Let P(n) be the proposition that:
$\mathbb{Z}_2^n$ contains $2^n$ elements
Clearly $\mathbb{Z}_2^1$ contains $2^1 = 2$ elements: $\{0, 1\}$
Suppose P(k) true:
$\mathbb{Z}_2^k$ contains $2^k$ elements
We will prove P(k+1):
$\mathbb{Z}_2^{k+1}$ contains $2^{k+1}$ elements
It is clear that $\mathbb{Z}_2^{k+1}$ contains every vector in $\mathbb{Z}_2^{k}$ with either 0 or 1 appended to it.
So $\mathbb{Z}_2^{k+1}$ contains $2^{k} + 2^{k} = 2(2^k) = 2^{k+1}$ vectors.
Thus by induction we have proven $\mathbb{Z}_2^{n}$ contains $2^n$ vectors.
The proof is valid, but especially for proofs of basic facts I would avoid sentences that start with "It is clear...".

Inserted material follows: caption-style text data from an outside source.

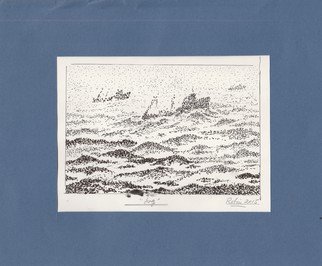 Roberto Trigas; Fog, 2016, Original Drawing Ink, 20 x 18 cm. Artwork description: 241  I sailed all the seas for 17 years. This drawing was made on board in the South Atlantic ...
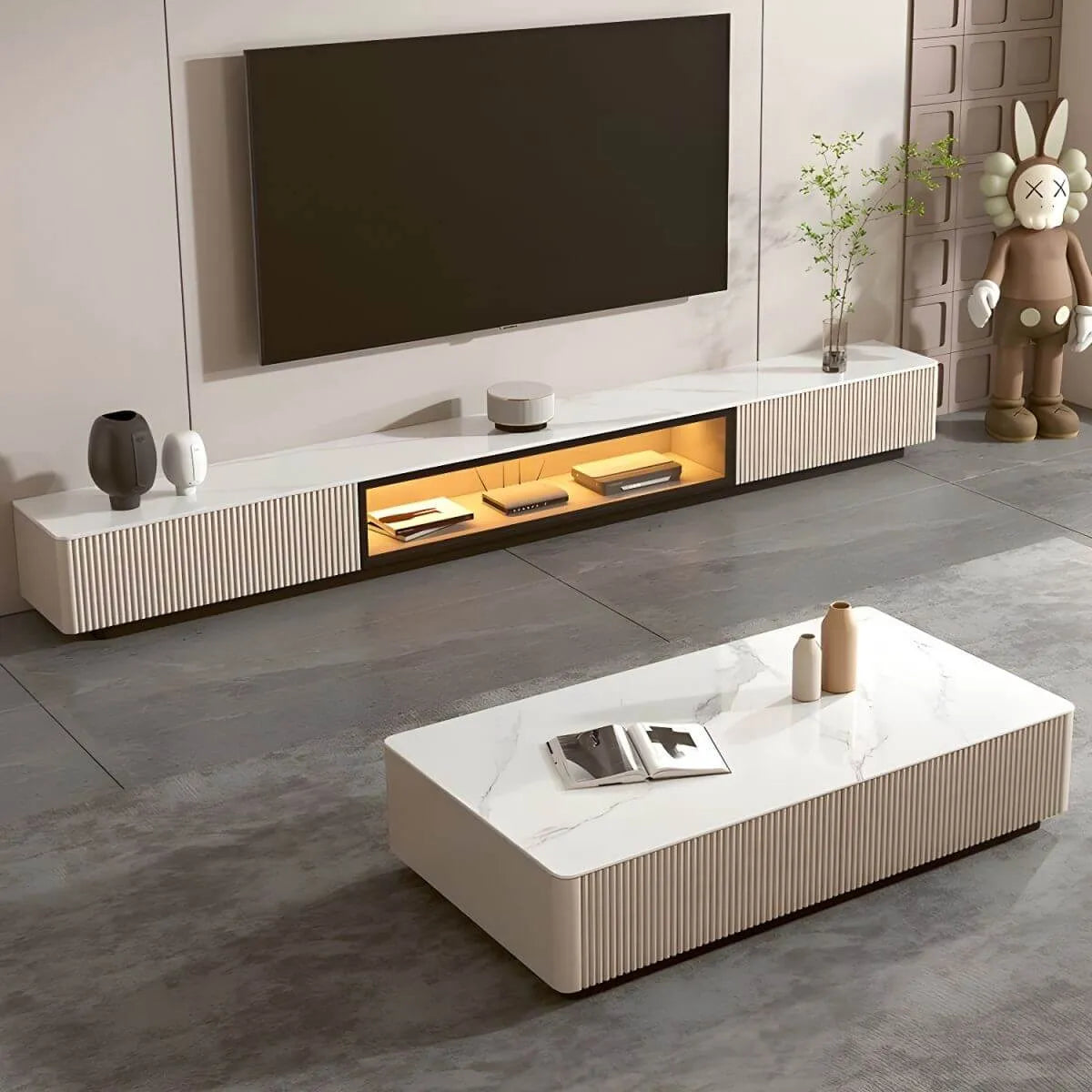 Modern Stone TV Stand with Soft-Close Drawers & LED Lighting Main Product Image Main image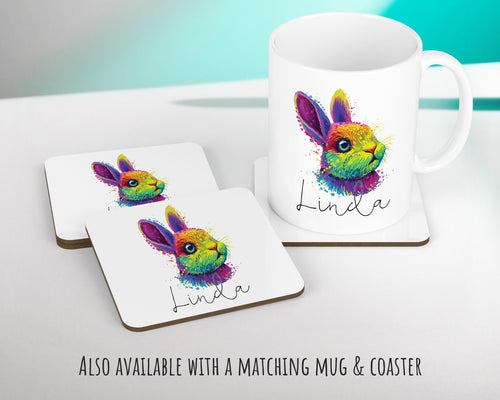 Personalised Neon Bunny Rabbit Cushion Gift Printed Name Design - Cushion Throw Pillow Gift For Bunnies Lover Nature CS302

One way to clarify: $\mathbb{Z}_2^{k+1}$ is equal to the disjoint union $A_0\sqcup A_1$, where $A_i = \{(x_1, \ldots, x_k, i):\,x_i\in\mathbb{Z}_2\}$. Both $A_0$ and $A_1$ are in bijection with $\mathbb{Z}_2^k$ by omitting the last coordinate. So $\# \mathbb{Z}_2^{k+1} = \# A_0 + \# A_1=\#\mathbb{Z}_2^k+\#\mathbb{Z}_2^k$.
I can't think of an easier proof of this but the exact same argument can be used to prove that $\# (X^k) = (\# X)^k$ for any finite set $X$, which to me makes the special case $X=\mathbb{Z}_2$ clearer.